Your objective — Retype only the lines below from the one with "Shoe Ladies Summer" to the one with "Amazon.com : BM", inclusive, skipping every image.

** Opening Provided records block **

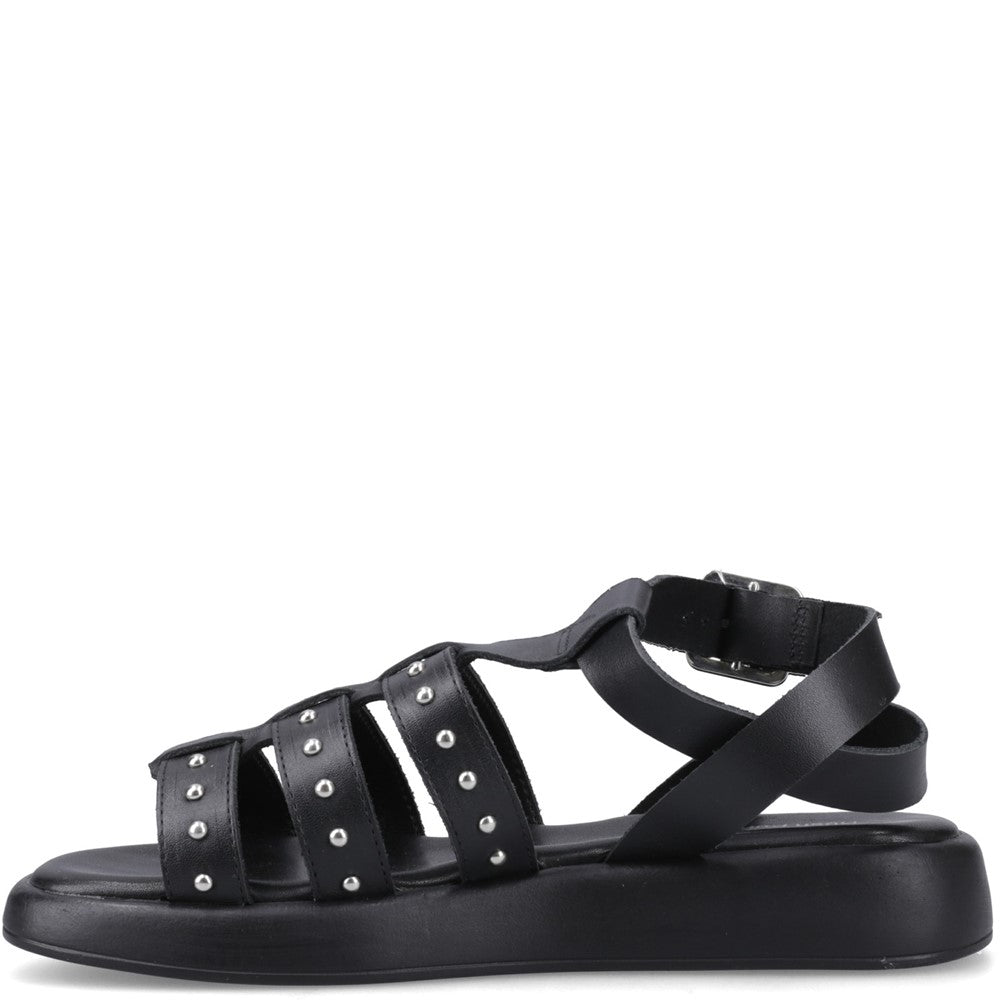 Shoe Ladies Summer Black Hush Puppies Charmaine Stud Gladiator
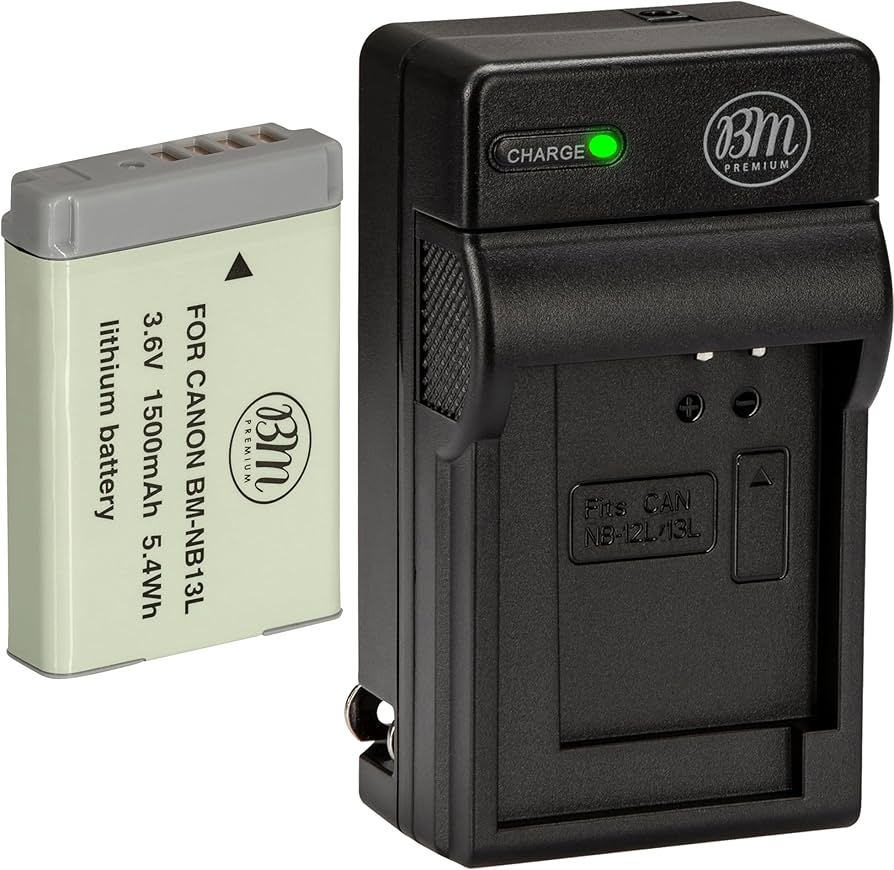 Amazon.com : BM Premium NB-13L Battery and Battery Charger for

** Closing Provided records block **
** Opening Provided records block **

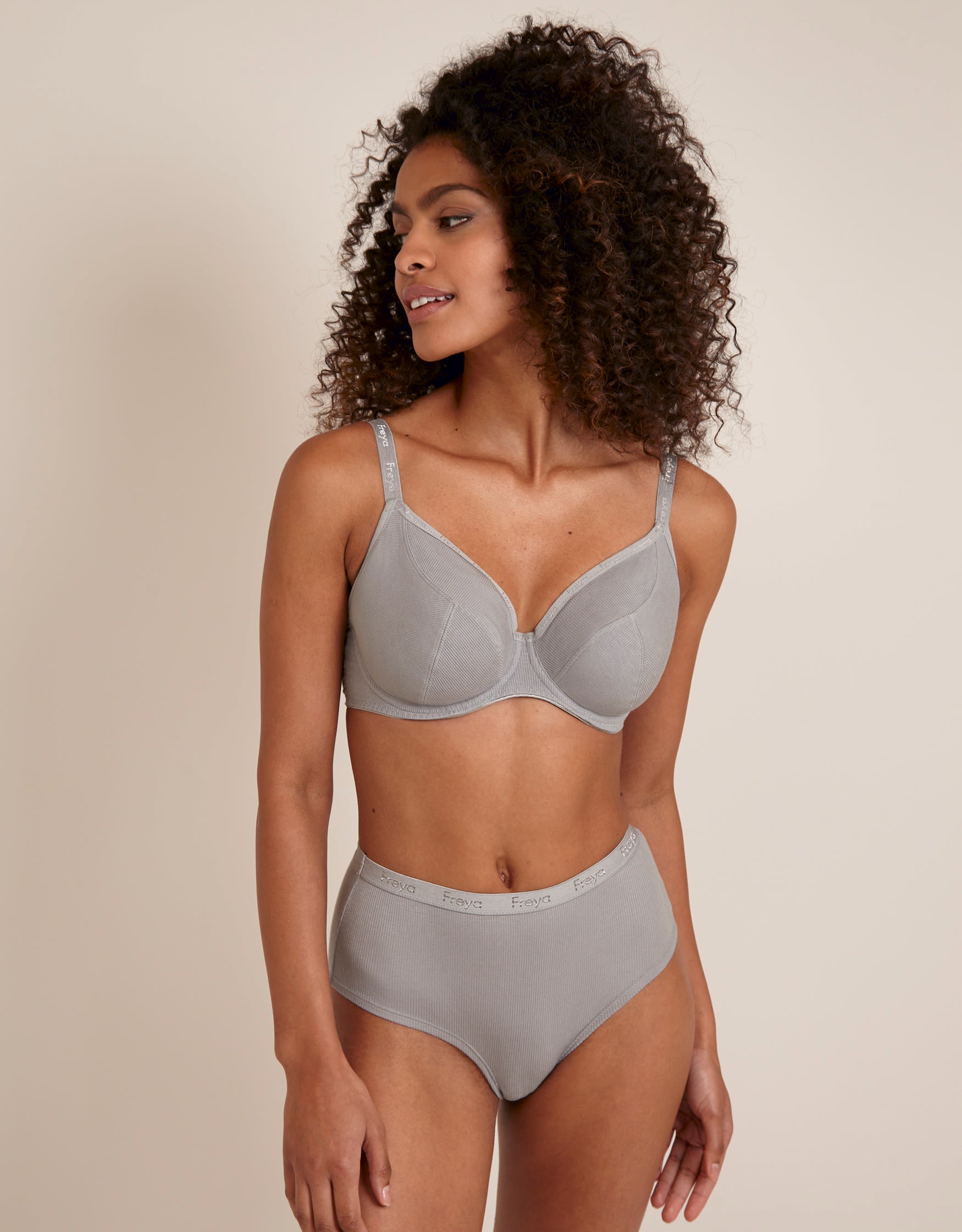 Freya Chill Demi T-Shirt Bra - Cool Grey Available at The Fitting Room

** Closing Provided records block **

Result for this task —
 Shoe Ladies Summer Black Hush Puppies Charmaine Stud Gladiator
 Amazon.com : BM Premium NB-13L Battery and Battery Charger for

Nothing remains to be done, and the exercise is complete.